We use nonsense carrier words to collect all possible diphones, following . Others have successfully used natural carrier phrases, but the argued advantage of natural delivery offers may also be a disadvantage as people may assume too much, and fail to produce exactly the desired phones. Within this framework, an experiment may be carried out to compare the results of voices made from nonsense words to one made from naturalistic text, but we know of none having been performed as of yet.
It should be noted that delivering diphones is not a particularly natural endeavor. As these phone segments will be extracted both for pitch and duration, it is important that their delivery be consistent, so that joins are more likely to be acceptable.

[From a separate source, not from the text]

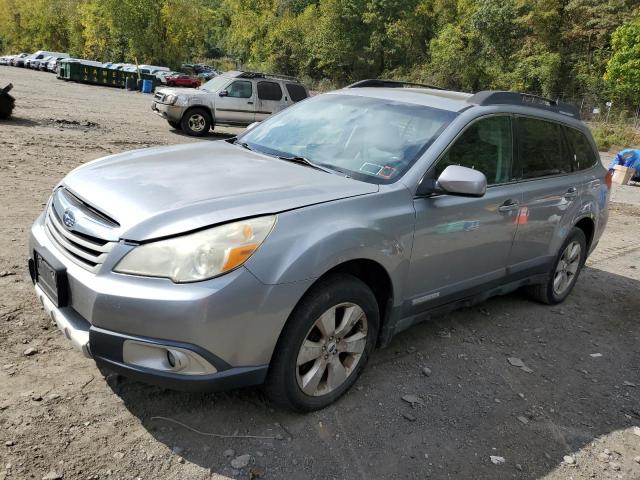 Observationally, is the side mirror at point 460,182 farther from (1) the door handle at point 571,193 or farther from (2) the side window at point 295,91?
(2) the side window at point 295,91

We believe that the use of nonsense carrier material makes the delivery of the diphones more consistent. Also, the pronunciation of a phonetic string is more clearly defined in these nonsense words than in elicited natural words. We generate carrier phrases so that, where possible, we can extract the diphones from the middle of a word. As it takes time for the human articulation system to start, we do not want to extract diphones from syllables at the start or end of words, unless these transitions to or into silence (SIL) are part of the diphone in question.
for example, from
SIL T AA B AA B AA SILwe would extract the diphones [B-AA] and [AA-B], and from
SIL T AA T EY AE T AA SILwe would get [EY-AE], as the [T-EY] and [AE-T] are taken from elsewhere, though one could indeed get all three from the one prompt.

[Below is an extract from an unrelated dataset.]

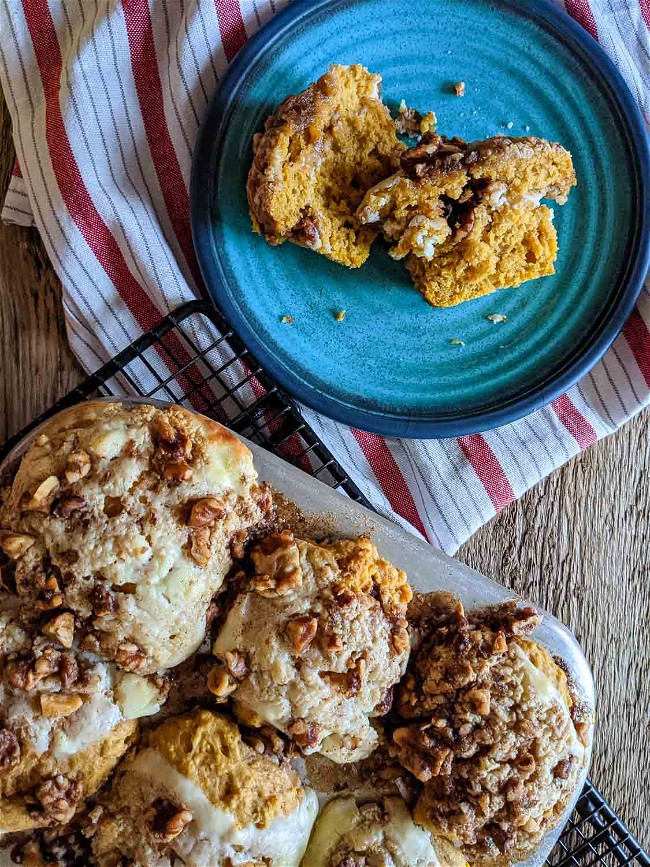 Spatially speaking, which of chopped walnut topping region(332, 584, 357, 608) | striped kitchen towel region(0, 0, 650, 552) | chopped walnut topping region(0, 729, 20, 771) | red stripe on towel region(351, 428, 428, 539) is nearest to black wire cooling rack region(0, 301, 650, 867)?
striped kitchen towel region(0, 0, 650, 552)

For each class in the language, consonant-vowel, vowel-consonant, vowel-vowel, consonant-consonant, silence-phone, phone-silence, and any other special sets like syllabic, consonant clusters and allophones we build simple carrier sets and loop through all possible values generating a long list of strings of phones which contain all possible diphones in the language to be recorded. Basic scripts are provide for this that can be adapted for other language, while specific scripts are provided for currently supported languages.